Sir Peter Carew (died 25 August 1580) was an English soldier who was slain at the Battle of Glenmalure in Ireland. He was a member of a prominent Devonshire gentry family. He is sometimes referred to as Sir Peter Carew the younger, to distinguish him from his first cousin (and immediate predecessor as head of the family) Sir Peter Carew (c.1514–1575) of Mohuns Ottery, Luppitt, Devon.
Peter Carew was the eldest son of George Carew (1497/8–1583), Dean of Windsor, Dean of Exeter and Archdeacon of Totnes, third son of Sir Edmund Carew, Baron Carew, of Mohuns Ottery in the parish of Luppitt, Devon, by his wife Catharine Huddesfield, a daughter and co-heiress of Sir William Huddesfield (died 1499) of Shillingford St George in Devon, Attorney General to Kings Edward IV (1461–1483) [1] and Henry VII (1485–1509). [2] His younger brother was George Carew (1555–1629), later 1st Earl of Totnes; and his sister was Mary Carew (d. 1604), the wife of Walter II Dowrich of Dowrich in the parish of Sandford near Crediton in Devon. Mary Carew's monumental brass survives in Sandford Church.
Carew inherited the Irish territorial barony of Idrone or Odrone, representing about 6,360 acres, or a fifth part of County Carlow, from his senior cousin, Sir Peter Carew (c.1514–1575) of Mohuns Ottery. [3] In September 1579 he was knighted. [4]

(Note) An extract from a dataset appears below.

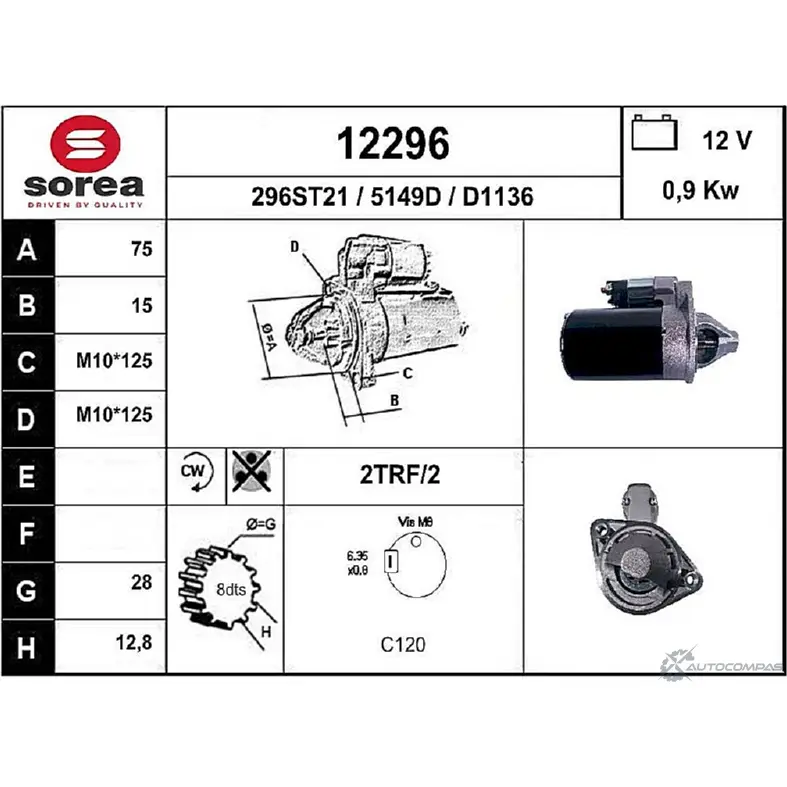Стартер EAI 1229 6 2796259 12296 296ST21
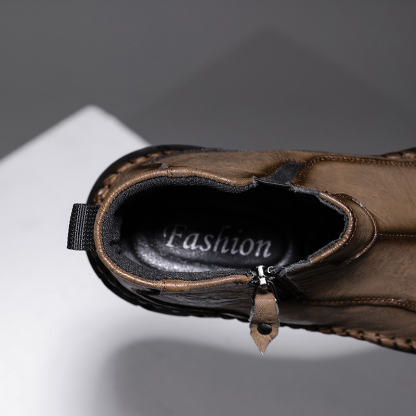 Men's Comfortable Orthopedic Leather Shoes - Lightweight ; Round Toe ; Breathable ; Arch Support ; Non-Slip ; Durable for 3 years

On 25 August 1580, during the Second Desmond Rebellion, Carew was in the vanguard of the army of Arthur Grey, 14th Baron Grey de Wilton, when it was ambushed by Irish insurgents in the narrow valley of Glenmalure in the Wicklow uplands. The English attempted to climb the steep valley sides, but Carew, exhausted by trying to run in heavy armour, was captured. He was disarmed, and his captors planned to hold him for ransom, until "one villaine most butcherlie ... with his sword slaughtered and killed him". [5]
Sir Peter's brother, George, who was also present at the engagement but not in the vanguard, wrote to Sir Francis Walsingham of his determination "to leave my bones by his, or else I will be thoroughly satisfied with revenge", and subsequently made it his business to kill two of those implicated in his brother's death. [6]
Carew married Audrey Gardiner, a daughter of William Gardiner of Grove, Buckinghamshire. The couple had a son, Peter, who died young; and a daughter, Anne, who married first William Wilford, and second (in 1605) Sir Allen Apsley (1567–1630). [7] Audrey survived Sir Peter and married as her second husband Sir Edmund Verney [2] (1535–1599) of Pendley in the parish of Tring, Hertfordshire, [8] Sheriff of Buckinghamshire and Sheriff of Hertfordshire. [9]
Carew is associated with an extravagant two-tiered tomb monument in the Chapel of St John the Evangelist in Exeter Cathedral, of which the primary commemorative subjects are his uncle, Sir Gawen Carew (c.1508–1584), and Sir Gawen's third wife, Elizabeth née Norwich (d. 1594), a Lady of the Bedchamber to Elizabeth I. [10] [11] The monument was erected in 1589, and heavily restored in 1857. In addition to effigies of Sir Gawen and Elizabeth, it displays much strapwork decoration and heraldry, including 27 shields containing 52 distinct coats of arms marshalled in a total of 359 impalements and quarterings. [12] The whole forms "an elaborate shrine to Carew ancestry and kinship". [13]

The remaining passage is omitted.